• TASK DETAILS:
If a line in the listing carries the word "Vintage", return a copy of that line.

━━━━━ LISTED RECORDS

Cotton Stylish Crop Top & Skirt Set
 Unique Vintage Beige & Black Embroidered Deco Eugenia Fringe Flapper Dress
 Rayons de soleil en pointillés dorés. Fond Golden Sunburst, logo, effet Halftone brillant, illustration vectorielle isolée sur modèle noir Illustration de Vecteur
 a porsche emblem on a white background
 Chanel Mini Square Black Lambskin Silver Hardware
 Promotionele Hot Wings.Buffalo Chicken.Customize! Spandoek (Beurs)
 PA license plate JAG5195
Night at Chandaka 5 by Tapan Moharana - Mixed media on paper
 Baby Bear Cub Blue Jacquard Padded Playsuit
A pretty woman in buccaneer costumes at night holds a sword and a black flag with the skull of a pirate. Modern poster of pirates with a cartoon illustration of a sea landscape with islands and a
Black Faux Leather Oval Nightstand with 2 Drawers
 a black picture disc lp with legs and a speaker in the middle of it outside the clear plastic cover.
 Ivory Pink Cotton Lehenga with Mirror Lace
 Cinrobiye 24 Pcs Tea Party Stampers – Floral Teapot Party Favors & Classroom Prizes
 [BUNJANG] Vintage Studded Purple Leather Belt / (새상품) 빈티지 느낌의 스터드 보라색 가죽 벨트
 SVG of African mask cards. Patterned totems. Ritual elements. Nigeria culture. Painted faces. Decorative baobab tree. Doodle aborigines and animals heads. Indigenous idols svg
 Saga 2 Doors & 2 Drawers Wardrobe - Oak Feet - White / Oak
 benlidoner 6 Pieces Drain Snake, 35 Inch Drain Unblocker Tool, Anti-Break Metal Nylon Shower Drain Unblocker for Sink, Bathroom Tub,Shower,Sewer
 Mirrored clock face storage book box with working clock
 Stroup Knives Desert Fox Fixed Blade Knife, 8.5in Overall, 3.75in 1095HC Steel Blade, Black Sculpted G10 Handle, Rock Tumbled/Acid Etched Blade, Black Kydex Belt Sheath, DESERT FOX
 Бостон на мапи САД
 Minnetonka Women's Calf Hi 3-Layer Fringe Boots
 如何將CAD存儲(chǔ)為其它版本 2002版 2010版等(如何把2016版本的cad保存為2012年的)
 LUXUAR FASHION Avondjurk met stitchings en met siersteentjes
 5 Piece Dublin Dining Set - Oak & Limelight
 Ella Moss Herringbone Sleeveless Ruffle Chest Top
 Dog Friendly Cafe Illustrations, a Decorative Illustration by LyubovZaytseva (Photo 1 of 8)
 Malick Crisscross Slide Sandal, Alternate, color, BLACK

━━━━━━━━━━

• RESPONSE TO THE TASK:
 Unique Vintage Beige & Black Embroidered Deco Eugenia Fringe Flapper Dress
 [BUNJANG] Vintage Studded Purple Leather Belt / (새상품) 빈티지 느낌의 스터드 보라색 가죽 벨트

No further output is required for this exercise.